Quello che c’era da sapere, filosoficamente parlando, sull’ineluttabilità della natura, l’avevano già scritto migliaia di anni fa i pensatori greci. Incarnando antropomorficamente nelle divinità più svariate, che non puniscono necessariamente né premiano se non di rado ma semplicemente sono, anche i diversi aspetti dei quattro elementi. L’uomo si può anche ribellare o contrastare gli effetti a suo modo di vedere più nefasti ma è tutto, o quasi, inutile. Dopo quella ancor oggi inesauribile lezione di vita, solo aggiustamenti, aggiunte o negazioni di una sacrosanta verità andate a cattivo fine. Gli dei elementali guardano da lassù e dall’Olimpo o dalle profondità dell’Oceano si scatenano, o si placano, punto e basta.
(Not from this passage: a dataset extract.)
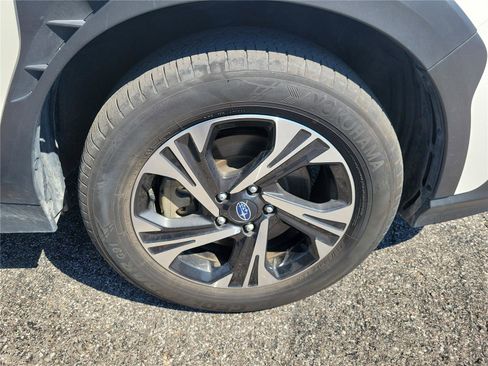 Used 2025 Subaru Crosstrek 2.0i Premium AWD/4WD image 6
Ma allora esiste il destino?
Il recente terremoto che si è abbattuto sull’Emilia (sperando nella clemenza del tempo verbale appositamente scelto) se da una parte ascrive gli avvenimenti alla categoria della catastrofe, dall’altra riporta il genere umano al suo inevitabile presente, fatto di sospensione, fragilità, attesa. Ed eterni rinvii. Le nostre decantate città, modelli sociali e di servizi per chissà chi, non sono troppo diverse dunque davanti ai cataclismi, di quelle più depresse del centrosud. Sono altrettanto fragili, inermi, in balìa degli accadimenti più grandi delle piccole organizzazioni che di volta in volta esse si danno. Anche le nostre città piangono lacrime e sprigionano sangue quando ferite al cuore, non c’è Pd o Lega Nord che tengano. E oseremmo dire da oggi in avanti, nemmeno grillismo alcuno.
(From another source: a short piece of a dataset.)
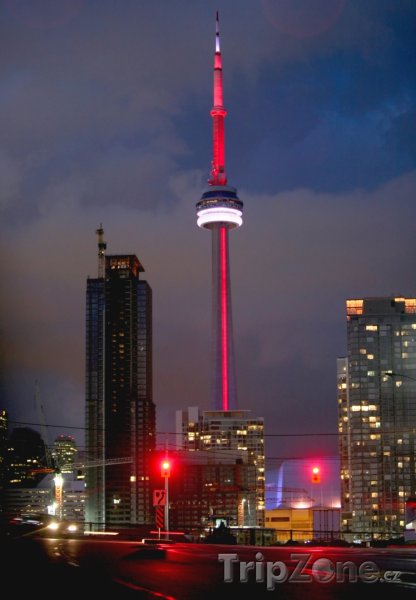 Fotka, Foto Osvětlená CN Tower (Toronto, Kanada)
Allora, ripetiamo, esiste il destino? Non proprio; anche se non sappiamo quando, possiamo da tempo prevedere dove e agire di conseguenza. Se è vero che i sismi non sono calcolabili, è altresì difficilmente negabile che gli strumenti oggi a disposizione potrebbero e dovrebbero essere in grado di ripararci maggiormente dai rischi cataclismatici. Potrebbero maggiori investimenti tecnologici e formativi, dovrebbero una politica e classi dirigenti più impegnate in rigide norme edilizie e a punire abusivi e inadempienti che ad architettar condoni. La scienza e la ragione cioè hanno tolto organi importanti (ma non tutti) al corpo informe della fatalità. Da alcuni anni, crescenti avvertimenti sismici ci dicono infatti che la pianura Padana è sottoposta a movimenti più frequenti che nel passato. I segnali sono da tempo eclatanti, l’orologio tellurico suona la sveglia con frequenza crescente.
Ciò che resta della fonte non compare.